Records shown below:

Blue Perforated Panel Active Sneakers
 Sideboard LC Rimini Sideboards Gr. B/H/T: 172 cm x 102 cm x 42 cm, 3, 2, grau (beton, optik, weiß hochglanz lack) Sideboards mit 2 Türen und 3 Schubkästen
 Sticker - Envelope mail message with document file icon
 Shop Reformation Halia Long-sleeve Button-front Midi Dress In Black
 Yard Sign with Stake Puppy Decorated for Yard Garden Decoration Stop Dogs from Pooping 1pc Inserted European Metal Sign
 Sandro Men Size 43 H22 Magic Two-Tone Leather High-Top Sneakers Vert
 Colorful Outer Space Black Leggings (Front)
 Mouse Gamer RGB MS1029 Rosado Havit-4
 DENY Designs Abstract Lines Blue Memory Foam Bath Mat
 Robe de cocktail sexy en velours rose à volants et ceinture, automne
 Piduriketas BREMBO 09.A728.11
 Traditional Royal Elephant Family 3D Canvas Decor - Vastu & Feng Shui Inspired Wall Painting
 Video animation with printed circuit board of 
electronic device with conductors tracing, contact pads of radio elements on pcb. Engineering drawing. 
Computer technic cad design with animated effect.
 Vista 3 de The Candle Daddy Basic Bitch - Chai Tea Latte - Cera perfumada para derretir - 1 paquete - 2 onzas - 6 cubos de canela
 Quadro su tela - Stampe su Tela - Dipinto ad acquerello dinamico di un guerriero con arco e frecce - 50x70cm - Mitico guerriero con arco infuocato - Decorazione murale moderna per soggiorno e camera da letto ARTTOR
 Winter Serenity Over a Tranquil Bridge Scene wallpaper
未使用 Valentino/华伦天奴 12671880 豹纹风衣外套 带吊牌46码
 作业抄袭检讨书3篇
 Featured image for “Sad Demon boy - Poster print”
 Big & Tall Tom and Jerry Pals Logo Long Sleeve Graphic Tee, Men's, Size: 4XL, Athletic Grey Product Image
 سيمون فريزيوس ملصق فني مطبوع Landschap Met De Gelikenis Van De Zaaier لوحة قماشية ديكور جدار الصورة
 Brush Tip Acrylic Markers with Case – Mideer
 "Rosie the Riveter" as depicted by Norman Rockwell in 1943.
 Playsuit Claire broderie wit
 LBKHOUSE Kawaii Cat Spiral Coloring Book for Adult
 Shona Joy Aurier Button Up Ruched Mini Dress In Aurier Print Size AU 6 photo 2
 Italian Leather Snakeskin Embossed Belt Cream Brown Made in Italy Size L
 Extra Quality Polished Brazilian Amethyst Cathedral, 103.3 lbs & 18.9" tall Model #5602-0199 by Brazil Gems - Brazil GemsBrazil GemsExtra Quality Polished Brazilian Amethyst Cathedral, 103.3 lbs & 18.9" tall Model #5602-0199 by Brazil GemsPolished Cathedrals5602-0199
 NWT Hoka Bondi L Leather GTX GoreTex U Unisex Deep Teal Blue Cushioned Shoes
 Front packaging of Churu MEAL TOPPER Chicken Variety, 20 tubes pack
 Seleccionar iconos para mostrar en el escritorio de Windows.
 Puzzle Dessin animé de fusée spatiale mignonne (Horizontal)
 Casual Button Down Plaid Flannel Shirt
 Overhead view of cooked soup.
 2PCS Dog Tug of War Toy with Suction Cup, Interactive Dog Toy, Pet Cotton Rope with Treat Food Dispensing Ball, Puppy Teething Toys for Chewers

End of Records shown.

# Aim of the task
Look above and repeat, character for character, the lines from the first one to the line with "Yard Sign with", counting both.

# Result
Blue Perforated Panel Active Sneakers
 Sideboard LC Rimini Sideboards Gr. B/H/T: 172 cm x 102 cm x 42 cm, 3, 2, grau (beton, optik, weiß hochglanz lack) Sideboards mit 2 Türen und 3 Schubkästen
 Sticker - Envelope mail message with document file icon
 Shop Reformation Halia Long-sleeve Button-front Midi Dress In Black
 Yard Sign with Stake Puppy Decorated for Yard Garden Decoration Stop Dogs from Pooping 1pc Inserted European Metal Sign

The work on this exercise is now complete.